TIPOLISO, a Firelight community-based grantee-partner, currently works with five ECD centers in Malawi.  Firelight supports TIPOLISO with the grant funding and capacity building to allow them to train caregivers, provide children age-appropriate learning materials, build permanent ECD structures, and partner with local government.  With Firelight’s support, TIPOLISO engaged in a participatory research project to better understand how to improve early childhood education for vulnerable children in their community.

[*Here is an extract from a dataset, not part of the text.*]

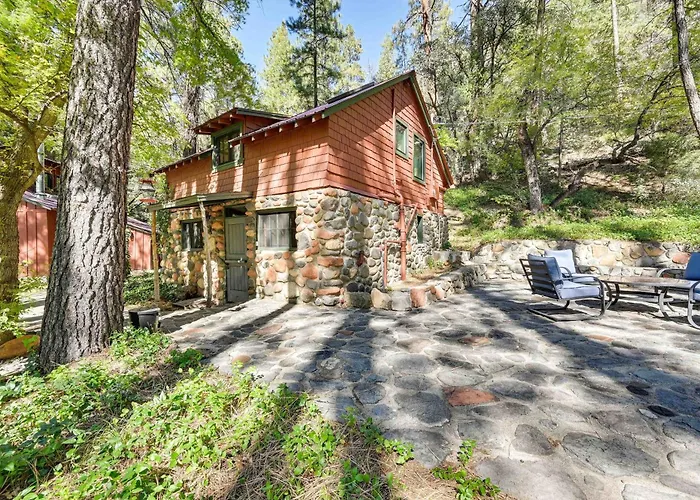 Patio & Mtn Views: Peaceful Retreat *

From this study, TIPOLISO found that some of the central factors that contribute to school dropout are poverty, lack of ability to pay school fees or purchase scholastic materials, limited family support, and child marriage.  TIPOLISO realized that families needed and wanted an intervention to allow them to better provide for the basic needs of their children.  Community members believed a goat pass-on program was the right, long-term solution to serve their children’s needs.

Firelight supported TIPOLISO with the grant to launch their goat pass-on program, which would be targeted at the most vulnerable children in the community.  TIPOLISO—already a trusted voice in the community—held numerous community mobilization meetings to identify beneficiaries, as two families were to be chosen from each of the five ECD centers.  One of these meetings was attended by Spiwe’s grandmother.  Community members agreed that Spiwe’s family was the right choice for the program, and Spiwe could continue her education uninterrupted.

 Spiwe’s grandmother was mentored and trained by TIPOLISO staff, and in November 2015, she was given a single female goat, which provided the family with nutritious milk both to drink and to sell.  Luckily, the goat was pregnant, and in 2016, gave birth to a female kid.  Spiwe’s grandmother enjoys taking care of the goats and feels like a weight has been lifted from her shoulders—allowing her to better care for Spiwe’s needs and allowing Spiwe to pursue her education.  As of now, the original goat has given birth to three goats, two of which will be passed along to the families of other local vulnerable children. 

Today, Spiwe is seven years old and thriving.  She recently passed her Standard 1 exams in third place (in a class of 123 students), and she is ready to begin Standard 2.  At Spiwe’s school, the top eight performers in her class come from TIPOLISO’s ECD centers.  We at Firelight are deeply proud of Spiwe’s progress and the tireless efforts of our community-based partner TIPOLISO, who fights every day for a better future for children.